When I was a young girl, my grandmother told me — and showed me by example — to always look for the good in people. What she didn’t mention was how hard it would be to find in some cases. I can’t tell you how many friendships I’ve let my alter ego, Miss Pollyanna Give Everyone a Chance, talk me into — and leave me wondering how to get the hell out of.
Let’s start with the mean girl in fourth grade. What I saw: She bossed around all the other girls and basically ran the playground. What I told myself: Oh, I bet she’s nice once you get to know her. What happened: She wasn’t nice at all. She belittled me in front of my other friends. She talked about me behind my back. She snubbed me whenever a better opportunity came along. She told other girls not to be friends with me. Basically, she was a total brat. Honestly, “brat” is not the “b” word that comes to mind here, but I can’t call a fourth grader that, right?
Fast forward to adulthood: The mean girls grew into mean women and became “meanie moms.” If you are a woman with children and say you don’t know a mom like this, I’d say you either live under a rock or are from some other highly evolved planet. I know for a fact you’ve never participated in a play group.
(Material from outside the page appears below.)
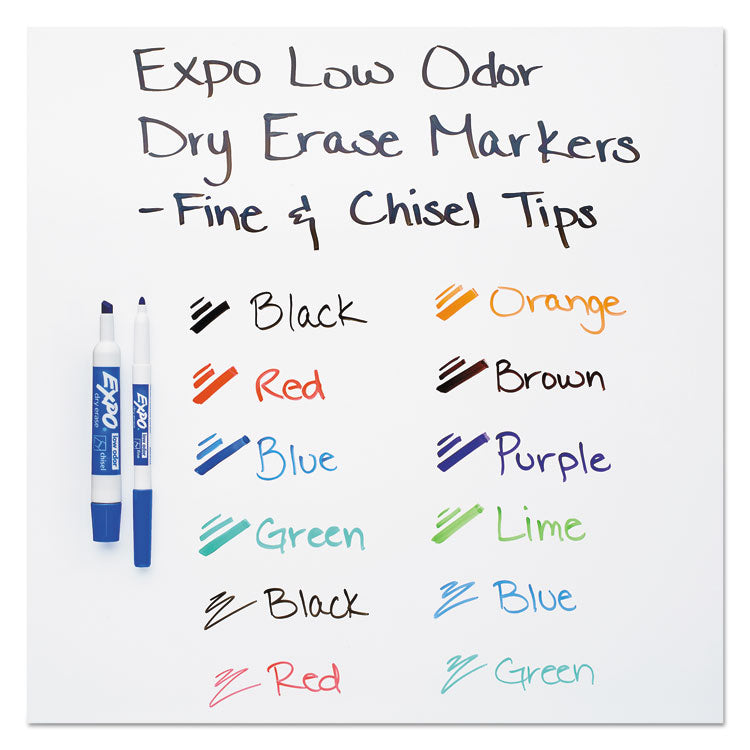 EXPO® Low-Odor Dry Erase Marker, Eraser and Cleaner Kit, Medium Assorted Tips, Assorted Colors, 12/Set (SAN80054) 1 Set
My kids are almost teenagers now, so I’ve had my share of miserable meanie mom moments. Over the years I’ve learned that the best strategy is to listen to your instincts and don’t get sucked in — or at least keep any required contact to a minimum. What you don’t like upon meeting someone will come back to haunt you in the end. Every. Single. Time.
Thanks to Miss Pollyanna, I’ve had to learn this the hard way. It might have been an easier lesson if my little-girl self had taken heed of one of Nana’s other favorite sayings: You can’t make a silk purse out of a sow’s ear.
Do you have any “meanie mom” stories? I’d love to hear them.